The government approved the Georgia 2020 Socio-economic Development Strategy in June 2014. The main objective of the strategy is to achieve faster, inclusive and sustainable growth by maintaining a stable macroeconomic environment and strengthening human capital – health, education and social safety nets. The strategy also aims to improve private sector competitiveness by building on past successes and further enhancing the investment climate, especially for SMEs. The government is expected to formulate a specific action plan to achieve long-term development objectives.
New amendments to the law on free trade and competition were adopted in March 2014. This law was developed as part of the anti-monopoly reform and aims to strengthen the institutional framework for promoting free trade and competition. The government also issued a decree to set up a competition agency. In addition, the law on food safety underwent amendments, which were approved by parliament in April 2014.

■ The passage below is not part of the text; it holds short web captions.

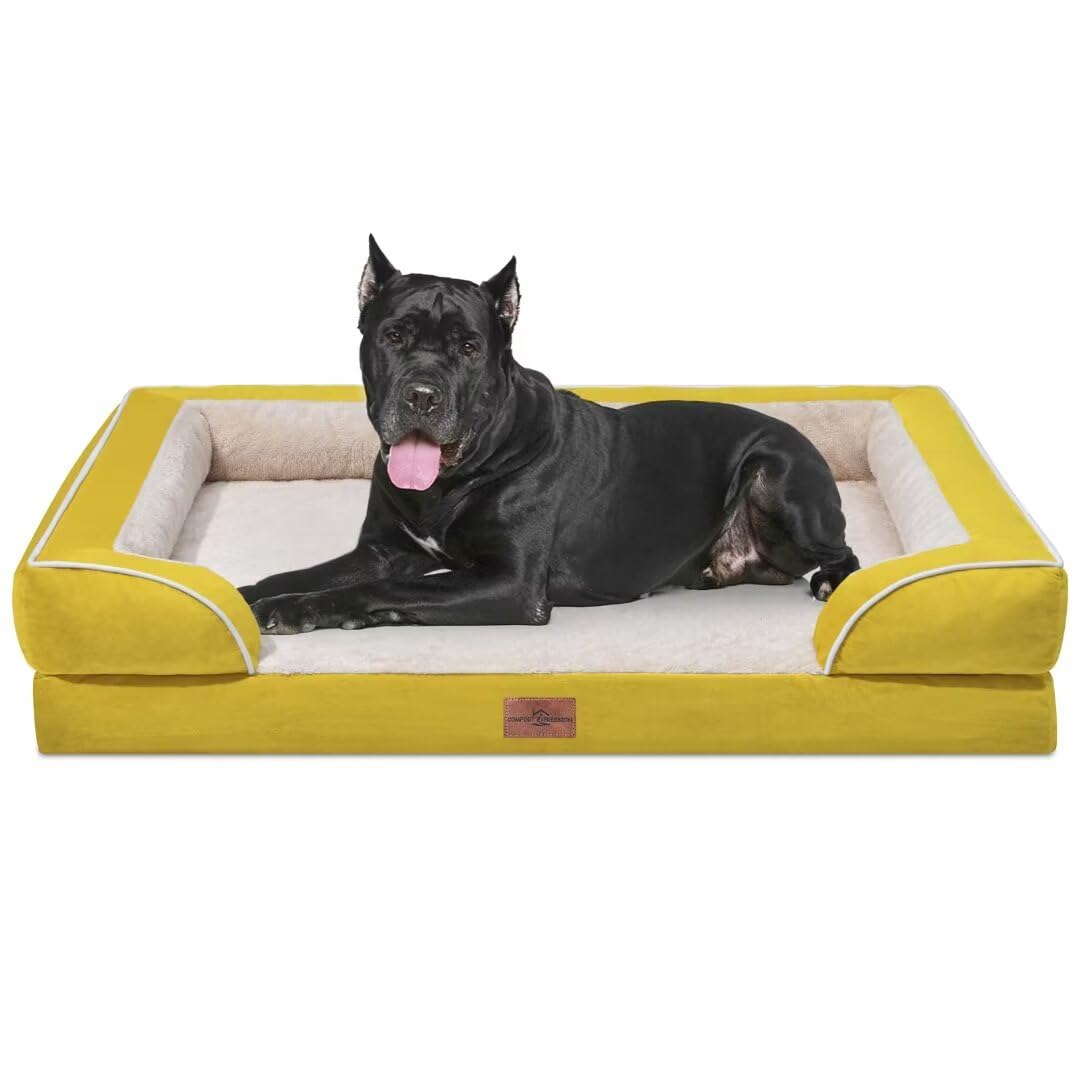 The Sunbeam Lounger
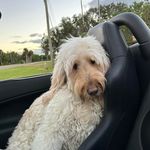 Jeffrey Hoffmann - @jeffreyhottmann_01 - Instagram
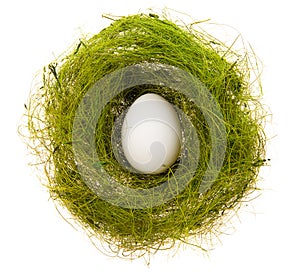 Egg in a green nest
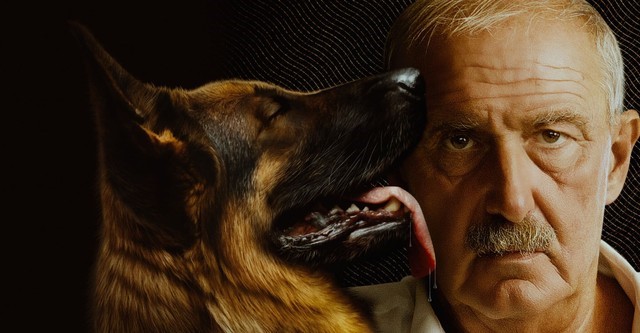 Netflix Türkiye'nin şubat programında neler var neler! 2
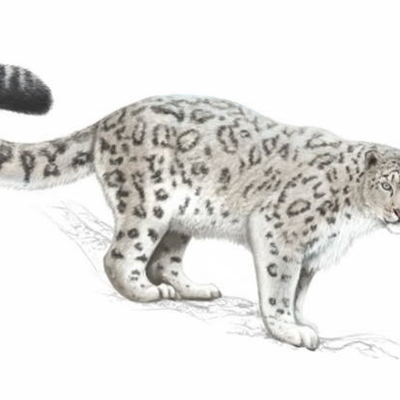 Timeline: 10 событий в истории охраны окружающей среды.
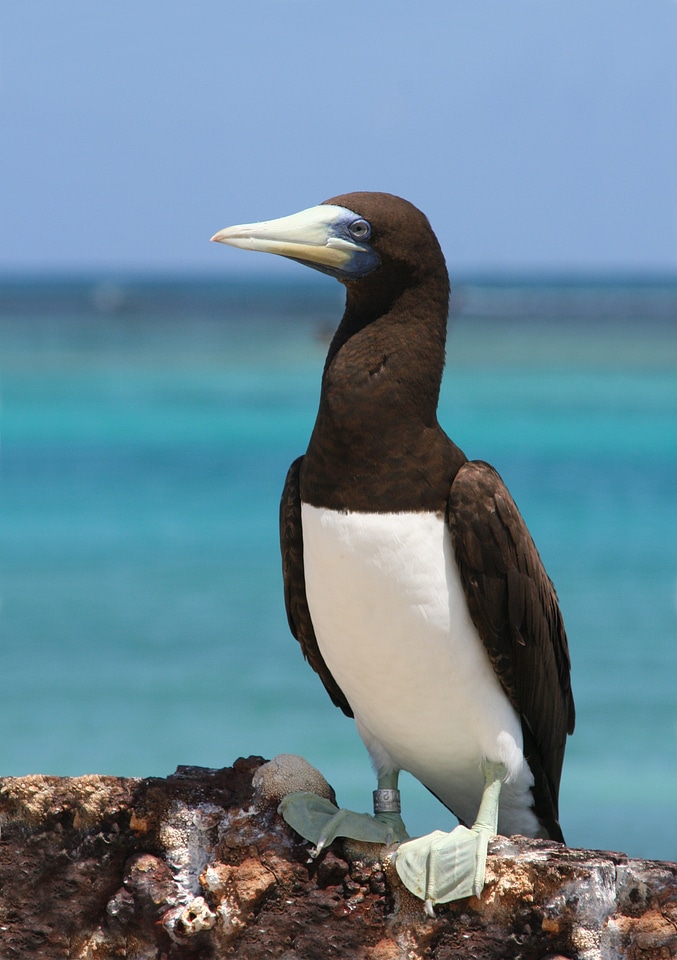 Seabird beak sea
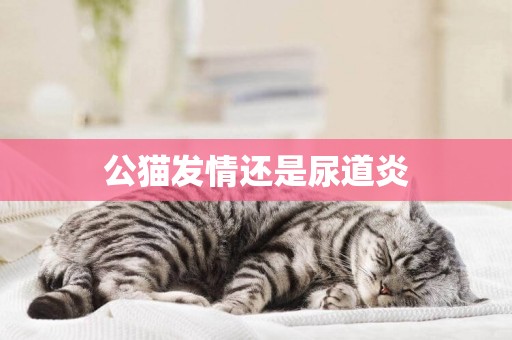 公貓發情還是尿道炎
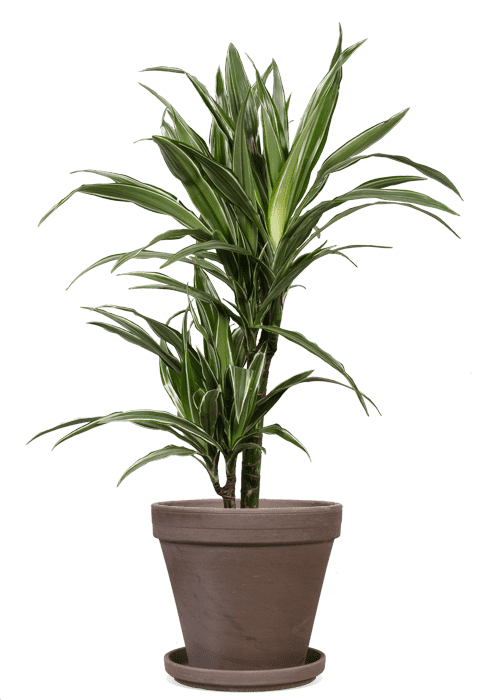 Dracaena warneckei (Drachenbaum) (M)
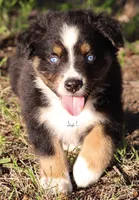 Black Tri Male 2, a male Australian Shepherd for sale in Poth, TX – 6 of 7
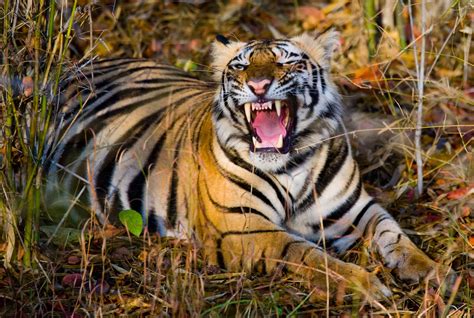 The World's Largest Tiger Statue Is Right Here In The United States - A ...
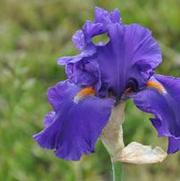 Iris germanica Paul Black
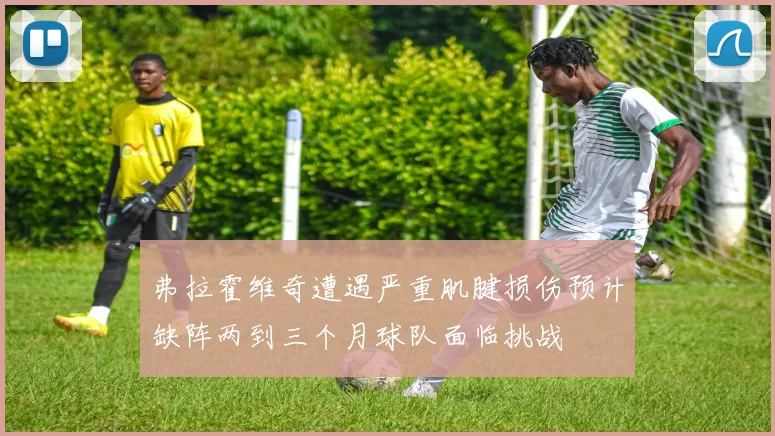 弗拉霍维奇遭遇严重肌腱损伤预计缺阵两到三个月球队面临挑战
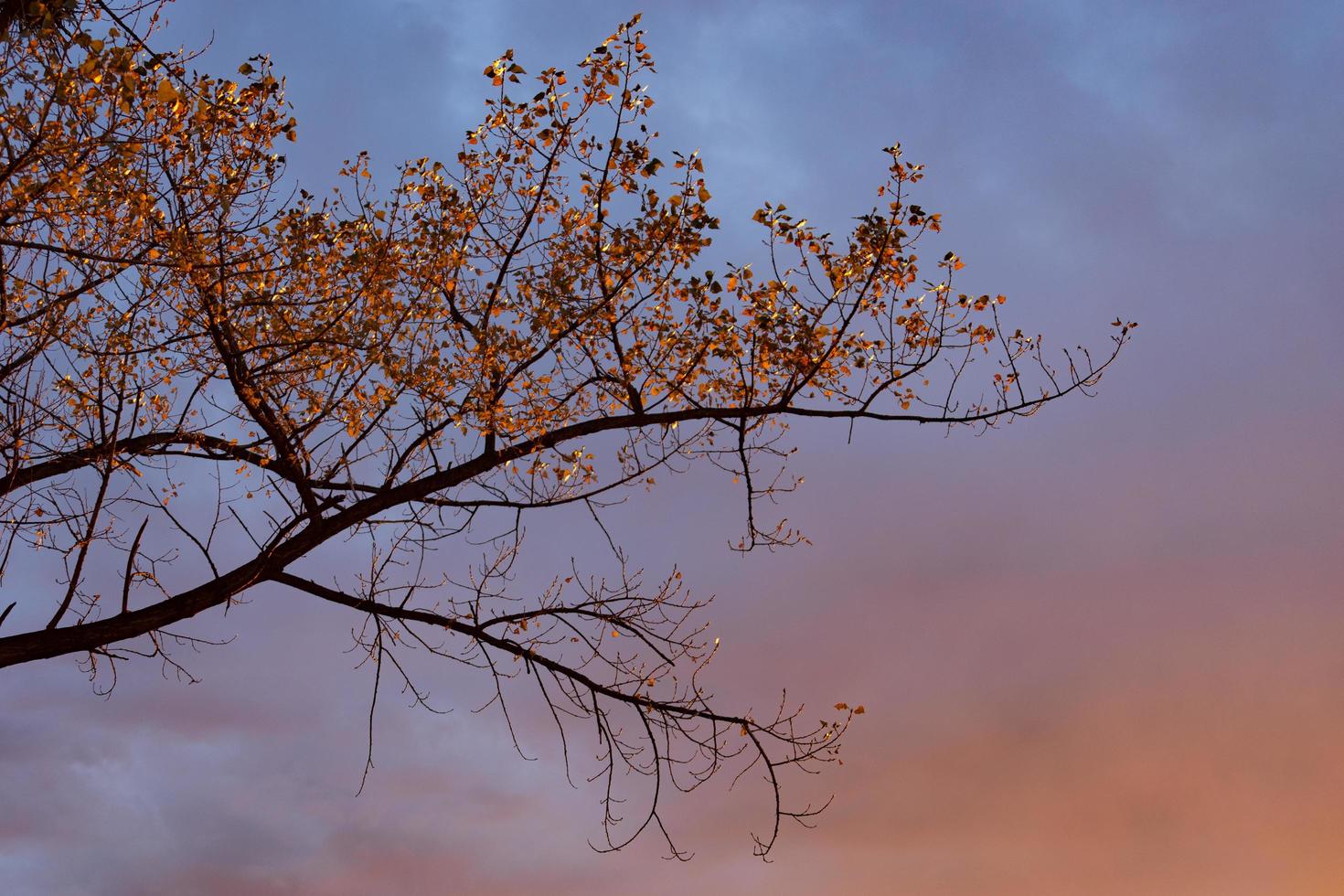 fondo con ramas de árboles y hojas de otoño foto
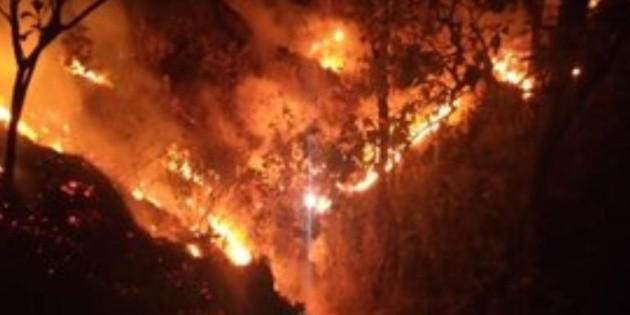 Bomberos extinguen incendio en La Primavera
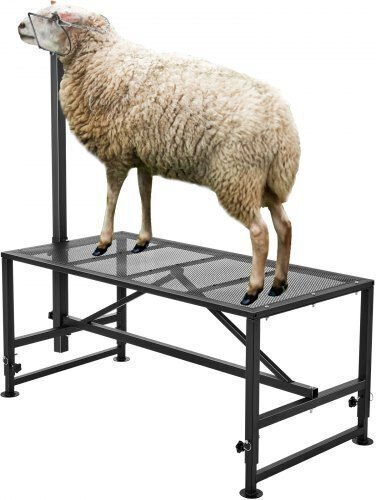 Vevor Goat Cutting Stand 51x23" Black Scxjjhsytm519zqt8v0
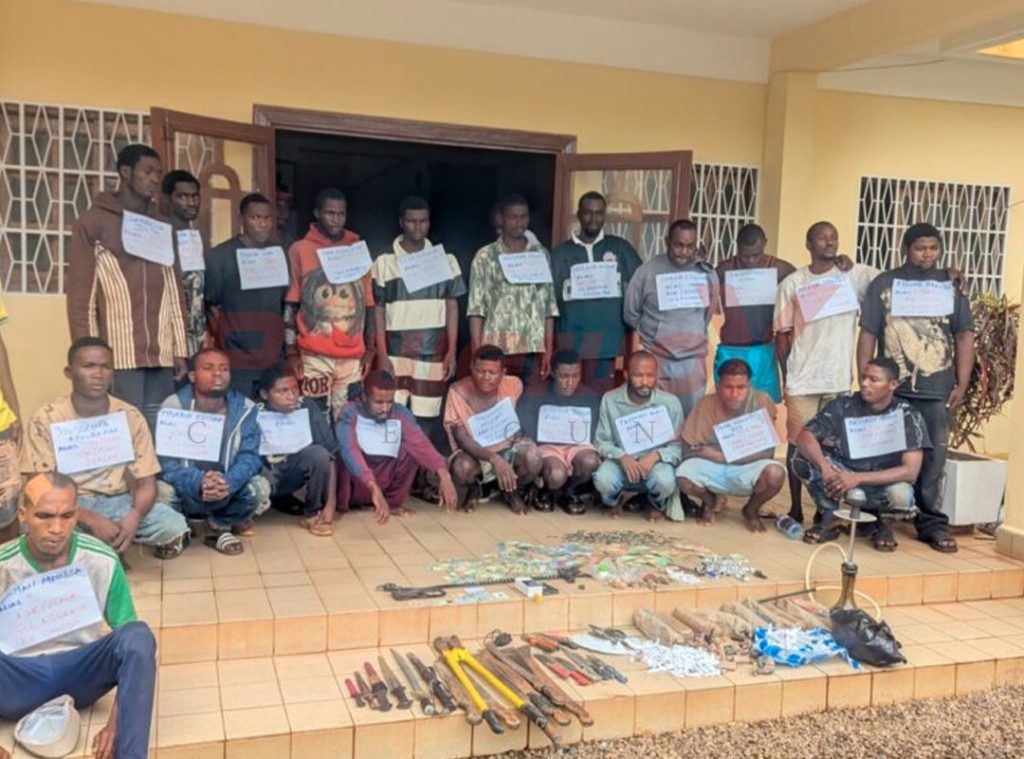 Sécurité à Yaoundé : vaste coup de filet contre la grande délinquance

Reforms in the agricultural sector have been passed. In July 2014 the President signed amendments to the law on ownership of agricultural land. Pursuant to the law, agricultural land in Georgia can no longer be acquired by a foreigner, a legal entity registered abroad or a legal entity incorporated by a foreigner in Georgia. This moratorium will remain in effect until 31 December 2014. Meanwhile, the government of Georgia is developing a policy on the ownership of agricultural land.
Further efforts have been made to promote local currency lending and to reduce dollarisation. Parliament approved changes to the tax legislation in late December 2013. Under the new laws, the tax treatment of lari non-sovereign bonds, such as the EBRD’s first issue of lari bonds in March 2014, will be the same as the tax treatment for public debt.
The electricity regulatory authority approved the new Transmission Grid Code in April 2014. The document detailing the grid code fully meets EU requirements. The development of these codes is part of the government’s commitment to a broader set of sector reforms within the Georgian Electricity Market Model 2015. In addition, the Ministry of Energy amended the Electricity Market Rules in January 2014 to enable the adoption of the grid code by the electricity regulatory authority, and to give new hydropower and renewable energy projects priority access to the transmission grid.